Search code examples
javagoogle-cloud-dataflowapache-beam

Does SortValues transform Java SDK extension in Beam only run in hadoop environment?


I have tried the example code of SortValues transform using DirectRunner on local machine (Windows)

PCollection<KV<String, KV<String, Integer>>> input = ...
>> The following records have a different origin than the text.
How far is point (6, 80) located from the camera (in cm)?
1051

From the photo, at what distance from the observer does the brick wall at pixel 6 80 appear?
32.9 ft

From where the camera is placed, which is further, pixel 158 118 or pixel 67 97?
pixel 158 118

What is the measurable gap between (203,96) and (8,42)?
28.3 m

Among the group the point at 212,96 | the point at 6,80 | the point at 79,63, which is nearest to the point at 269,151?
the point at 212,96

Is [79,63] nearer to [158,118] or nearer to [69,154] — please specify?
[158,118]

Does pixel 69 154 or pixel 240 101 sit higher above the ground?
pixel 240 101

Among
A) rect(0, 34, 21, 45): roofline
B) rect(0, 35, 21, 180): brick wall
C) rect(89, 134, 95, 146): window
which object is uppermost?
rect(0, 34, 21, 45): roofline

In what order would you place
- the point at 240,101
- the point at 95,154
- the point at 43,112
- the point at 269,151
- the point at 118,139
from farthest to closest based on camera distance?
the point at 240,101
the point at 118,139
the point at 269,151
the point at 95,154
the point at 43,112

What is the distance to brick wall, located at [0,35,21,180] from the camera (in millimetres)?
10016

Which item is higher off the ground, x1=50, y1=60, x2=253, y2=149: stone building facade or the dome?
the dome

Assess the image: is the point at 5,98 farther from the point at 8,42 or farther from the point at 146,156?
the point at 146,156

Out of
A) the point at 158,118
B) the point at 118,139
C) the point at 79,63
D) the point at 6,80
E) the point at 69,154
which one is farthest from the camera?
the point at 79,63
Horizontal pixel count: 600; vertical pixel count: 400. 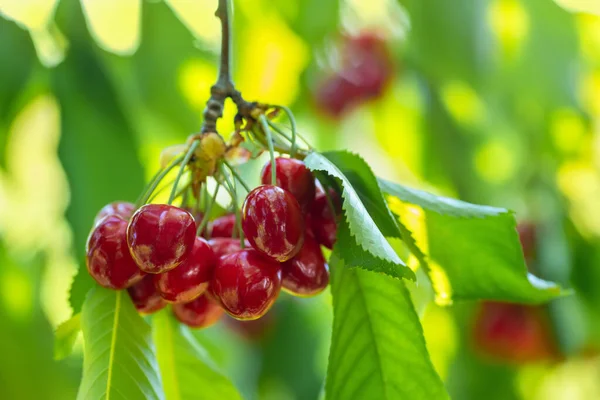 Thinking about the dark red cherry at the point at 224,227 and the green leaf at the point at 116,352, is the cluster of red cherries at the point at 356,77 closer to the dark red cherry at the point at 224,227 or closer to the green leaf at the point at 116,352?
the dark red cherry at the point at 224,227

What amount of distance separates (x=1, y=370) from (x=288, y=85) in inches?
49.4

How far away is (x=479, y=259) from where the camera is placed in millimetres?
965

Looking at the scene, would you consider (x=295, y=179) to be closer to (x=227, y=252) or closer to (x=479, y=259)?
(x=227, y=252)

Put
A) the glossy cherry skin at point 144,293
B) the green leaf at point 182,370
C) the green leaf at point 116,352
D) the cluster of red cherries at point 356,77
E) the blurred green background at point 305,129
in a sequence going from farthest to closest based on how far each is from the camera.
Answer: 1. the cluster of red cherries at point 356,77
2. the blurred green background at point 305,129
3. the green leaf at point 182,370
4. the glossy cherry skin at point 144,293
5. the green leaf at point 116,352

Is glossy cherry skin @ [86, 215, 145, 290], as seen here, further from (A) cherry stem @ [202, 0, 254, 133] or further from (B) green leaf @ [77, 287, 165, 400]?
(A) cherry stem @ [202, 0, 254, 133]

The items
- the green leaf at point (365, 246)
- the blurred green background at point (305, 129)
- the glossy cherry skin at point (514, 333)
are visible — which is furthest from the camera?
the glossy cherry skin at point (514, 333)

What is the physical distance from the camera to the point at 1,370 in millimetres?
2205

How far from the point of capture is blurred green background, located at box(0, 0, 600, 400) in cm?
156

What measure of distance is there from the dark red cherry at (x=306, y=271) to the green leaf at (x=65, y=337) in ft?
0.99

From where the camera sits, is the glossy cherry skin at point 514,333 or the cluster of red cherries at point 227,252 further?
the glossy cherry skin at point 514,333

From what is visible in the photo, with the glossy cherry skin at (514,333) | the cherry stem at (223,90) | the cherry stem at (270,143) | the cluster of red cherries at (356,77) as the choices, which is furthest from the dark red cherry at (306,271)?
the cluster of red cherries at (356,77)

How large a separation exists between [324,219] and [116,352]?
0.98ft

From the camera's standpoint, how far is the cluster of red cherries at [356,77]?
246cm

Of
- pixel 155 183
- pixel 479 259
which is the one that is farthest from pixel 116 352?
pixel 479 259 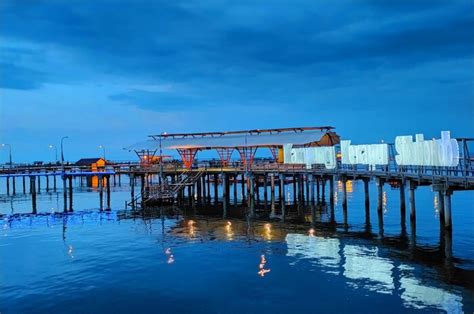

PCollection<KV<String, Iterable<KV<String, Integer>>>> grouped =
input.apply(GroupByKey.<String, KV<String, Integer>>create());

PCollection<KV<String, Iterable<KV<String, Integer>>>> groupedAndSorted =
grouped.apply(SortValues.<String, String, Integer>create(BufferedExternalSorter.options()));

but I got the error PipelineExecutionException: java.lang.NoClassDefFoundError: org/apache/hadoop/io/Writable. Does this mean this transform function only works in Hadoop environment?


Solution

  • As of today, if you use Beam with release version below 2.0.0, you will have to add two hadoop dependencies in your maven pom file for this SortValues module to work.

    1. add hadoop-common version 2.7.3 or later
    2. add hadoop-mapreduce-client-core version 2.7.3 or later.

    Otherwise, you will just need to use Beam with release version >= 2.0.0.